EJM Advice

Superannuation Post-Retirement: What You Need to Know

Your superannuation has two distinct phases: the accumulation phase and the drawdown phase. 

  1. The accumulation phase refers to the duration of your working period, where you can contribute to your super fund or where your super balance is accumulating. 
  1. The drawdown phase is referring to your retirement phase where you are able to access your superannuation. 

There are many things you can do with your super fund. Aside from leaving the money in the account until you need it, other options include:

  • Drawing some or all of the money as a lump sum
  • Moving money into an annuity 
  • Transferring funds into an account-based pension.

It’s crucial to know that when it comes to your super fund, you are allowed as a retiree to choose more than one of these options. 

Is it Wise to Leave Your Money in Super During Retirement?

Many people opt to keep their money in their super. This way, your super balance will continue to grow. Plus, you can still make ad-hoc withdrawals when you like.

But this isn’t advisable in some situations when it may not be the best use of one’s money as your super investment earnings are not tax-free.  

The superannuation system in Australia exists to provide people with funds to spend once they retire, so leaving it in the accumulation phase isn’t always the most beneficial. 

Your financial adviser may provide you with alternative strategies for a retirement plan that suits your needs and lifestyle

When Can You Take Money Out of Your Super?

You can withdraw your super once you reach the age of 65 and once you meet your super fund’s conditions of release. You may also access your money once you’ve reached your “preservation age,” which ranges from 55–60, depending on your year of birth1. 

Moreover, you’ll have to meet specific conditions if you want to take all your funds out as a lump sum. You’ll have to meet one of these criteria:

  • Turning 65
  • Fully retired
  • Over 60 and finishing at a workplace (even if you get a new job)

If you have reached your preservation age but haven’t met the requirements mentioned above, you may want to consider using a ‘Transition to Retirement’ (TTR) strategy. The TTR strategy lets you access some of your super and continue to work for a certain period of time. 

You can use this strategy to:

  • supplement your income if you reduce your work hours, or
  • boost your super and save on tax while you keep working full time.

Moving Super Funds into Annuities

You may opt to move your super into an annuity (otherwise known as a fixed-term pension), where it can provide you with a regular income stream in retirement. 

This strategy can provide you with guaranteed income payments for a fixed term or for the rest of your life. 

Annuities are tax-free for those over 60, and retirees can control what happens to their fixed-term annuity if they die before the term’s end.

When using an annuity, you have the option of choosing whether you want your payments to last for: 

  • A fixed number of years, 
  • Your life expectancy, or
  • The rest of your life. 

This can provide you with peace of mind if you’re worried that you might outlive your retirement savings.

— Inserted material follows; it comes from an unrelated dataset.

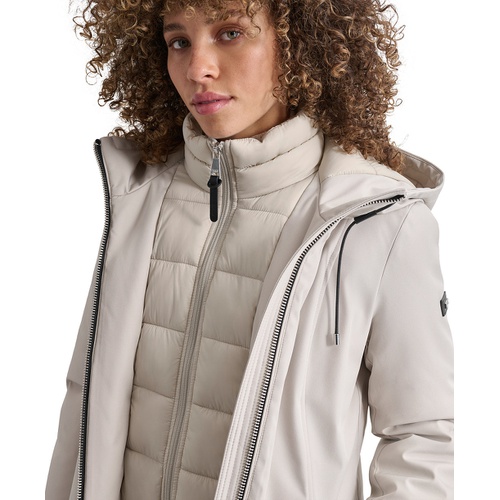 DKNY Womens Hooded Bibbed Zip-Front Puffer Coat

Annuities can offer more certainty about post-retirement income, especially because they are not affected by market fluctuations. However, the drawback is that you generally have less flexibility. Depending on the annuity, you may not be able to change the income amount or the term’s length. 

Transferring Funds into an Account-Based Pension

You may want to consider using an account-based pension for your super or, to receive a steady income stream from your super balance. 

As a retiree, you can choose with an account-based pension:

  • How much of your super you’d like to transfer to your pension account (subject to the balance transfer cap2)
  • how often you’d like to receive your payments,
  • how you want you super invested through your fund.  

Like annuities, account-based pensions are tax-free for individuals over 60.

Seek Professional Retirement Advice

When it comes to your retirement plan, your superannuation is a very important component and it is wise to make informed decisions to maximise your money.

\ It’s best to work with a professional to know which options suit you best.

If you’re looking for professional retirement advice in Melbourne, Australia, EJM Financial Services has you covered. 

Let our expert financial advisers provide you with personalised solutions to help you achieve your goals. 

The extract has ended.